First posted: 19 september 2009
The car: our status symbol. What could we do without it? How could we survive without this vital transport? How much would we miss its “closeness”, its “understanding”, its “hopeless” noise, our efforts to kill ourselves darting in the middle of a country while a little old lady is crossing through the street and a child is following a ball behind her? Surely the first feeling, could be panic, followed by cold sweats, blazes, loneliness and depression.
Obviously, without car, we can’t follow our son to school because the building is too far: after all, 300metres are endless, during this terrible and hard path we also might stumble or take a tile on our head. Going to shopping, in such a condition, it’s impossible: it’s better if we start to live with “bread and water” (thanks to the bakery under our house) or, instead, we could try to use internet and our credit card even tough we have always been against those strange devices.

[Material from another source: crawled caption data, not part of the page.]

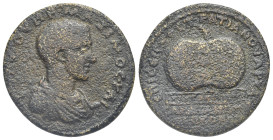LYDIA. Sardis. Maximus, as Caesar, 235-238. Bronze (Bronze, 28.88 mm, 12.66 g). Septimius Menestratianos, magistrate. [Γ Ι] ΟΥΗ ΜΑΞΙΜΟϹ ΚΑΙ, bare-head...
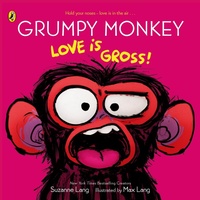Enlarge image Cover: Grumpy Monkey Love is Gross - Puffin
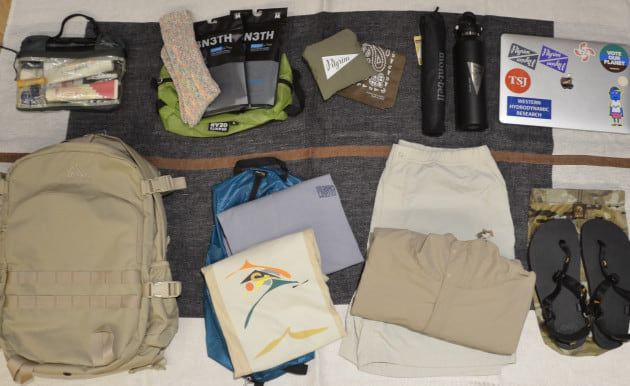 バッグ GREGORY Pilgrim FRAG POCKET TRENCH COAT GREGORY × Pilgrim Surf+Supply『RECON PACK』『FRAG POCKET L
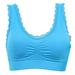 Wuffmeow New Arrival Casual Women Solid Lace Fitness Bra Padded Bra Crop Top Stretch Vest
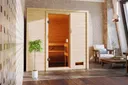 Woodfeeling Massivholz-Sauna Adelina Fronteinstieg 38 mm 0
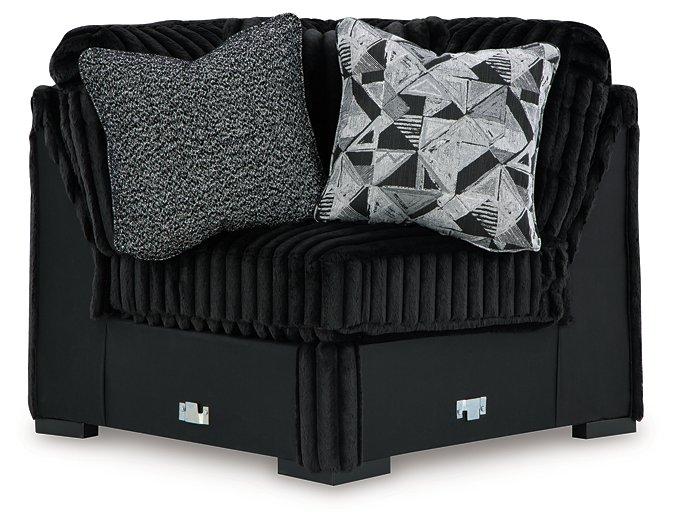 Midnight-Madness Sectional with Chaise - MI Hometown Furnishings (MI)*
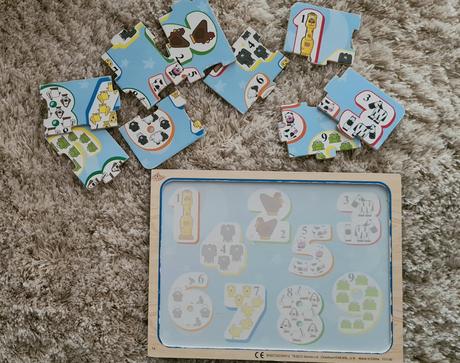 Drevenné puzzle vhodné už od 1.roku,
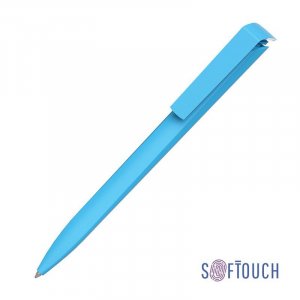 Ручка шариковая TRIAS SOFTTOUCH, цвет бирюзовый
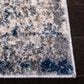 Safavieh Aston ASN718 11" x 15" Grey and Navy Area Rug, , large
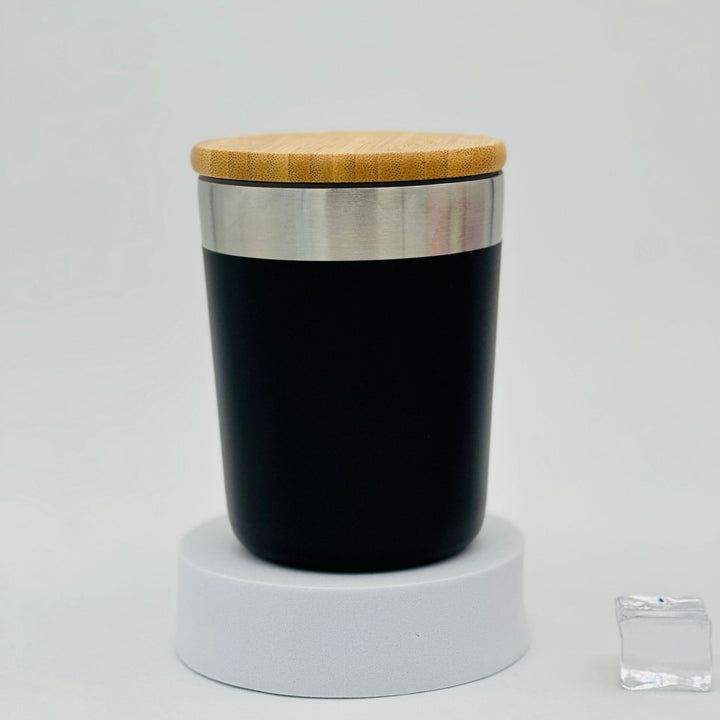 Ladies elegant sustainable insulated cup with bamboo lid Bowlift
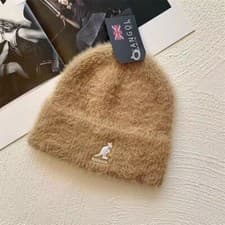 Image of New Kangol Kangaroo Knitted Hat, Knitted Head Cap, Winter Warm Velvet Hat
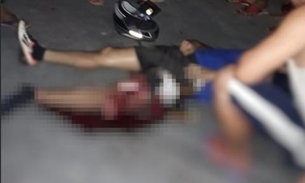 Homem tem perna decepada ao ser atingido por caminhão em Manaus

We might go to the gym and solarium, or pool… absolutely not, or yes, or not, or yes … and here it comes an illumination, because the needs to lose weight to be more sturdy and then, in our opinion, to be more accepted in our society and at ease with ourselves, it pushes us to discover that there are other types of transportation (and not only our car): buses, metros, scooters, bicycles, and something that we couldn’t even image, our legs.

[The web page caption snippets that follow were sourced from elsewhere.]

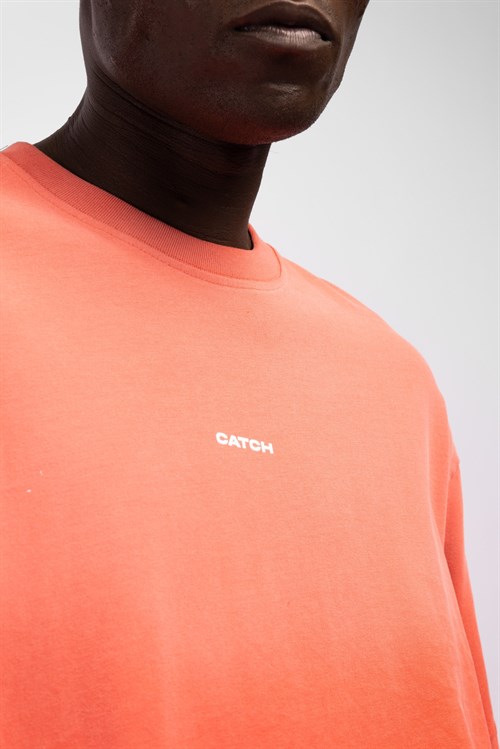 Wholesale Mens Orange Printed T-shirt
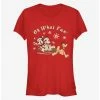 Best reviews of 💯 Disney Mickey Mouse And Minnie Mouse Holiday Oh What Fun! Classic Girls T-Shirt 🧨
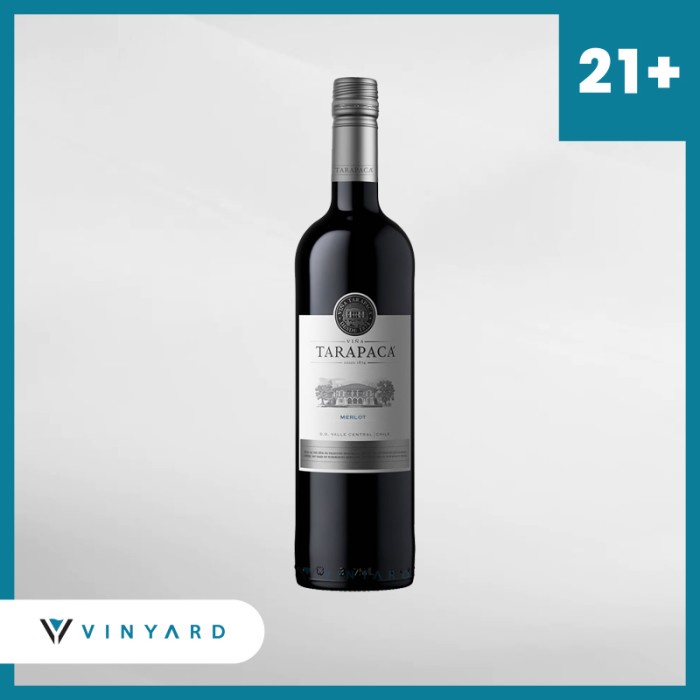 Tarapaca Merlot Wine 750ml ( Original &amp; Resmi By Vinyard )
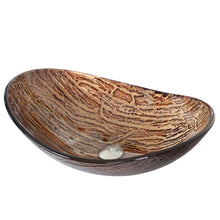 Load image into Gallery viewer, ELITE Tempered Glass Vessel Sink Hot Melt Multicolor Pattern 1212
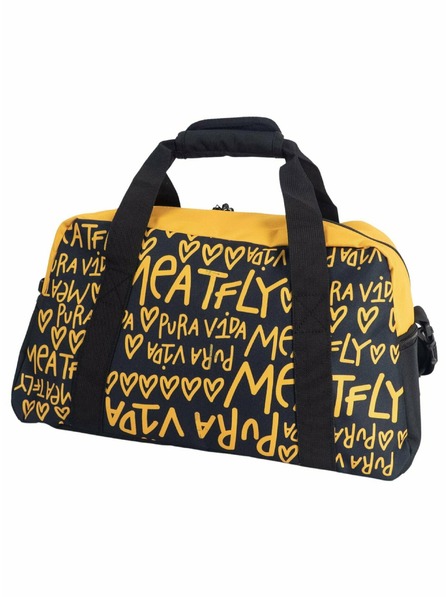 Meatfly Meatfly cestovní taška X Pura Vida Mavis Yellow/Black | Žlutá | Objem 26 L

Slowly, forced by all this situation, you’ll realize that it’s not so bad: you’ll also feel lighter and more in shape after a bike ride or a walk. The stress traffic disappears: those horns, the process of being in a hurry heading out of the mess and that never-ending quest for a free parking vanished, leaving us a sense of ethereal peace (caused, probably, thanks to the Prozac, that we took because of the depression caused by our being without cars, to whom we sooner or later get addicted).
We’ll feel like Heidi surrounded by goats and we’ll skip along the main street of our city enthralled by the sense of new freedom, just tasted, and finding the same traffic cars on the sidewalk: hellish pedestrians walking like in a funeral, people watching from all sides and coming out from the shops who bump against us, and your desire it’s just to run away from that but it’s impossible: there is no escape but only the chance to cover us in some shop or in our apartment that is too far from our actual position.
We’ll try in vain to jump on a overflow bus to be able to enter there (long live to sardines!), we’ll look around disoriented and we’ll start to think about our lovable car: the place where nobody can stand on us or scream in our ears, and where we could stay sit down to shout against the world.
We’ll feel like dieing because of a slight panic attack, you will begin to run desperately to the only spot where, we are thinking, the oxygen passes, we fall down to the ground without forces, completely submerged by the city traffic and while trying to breathe, that mouthful of air, people, attracted by our illness, will gather together around us to see, understand, take an interest in … and you are left breathless, we’ll wake up in our bed, soaked, cursing the night before when we had the fantastic idea of trying an acid to relax.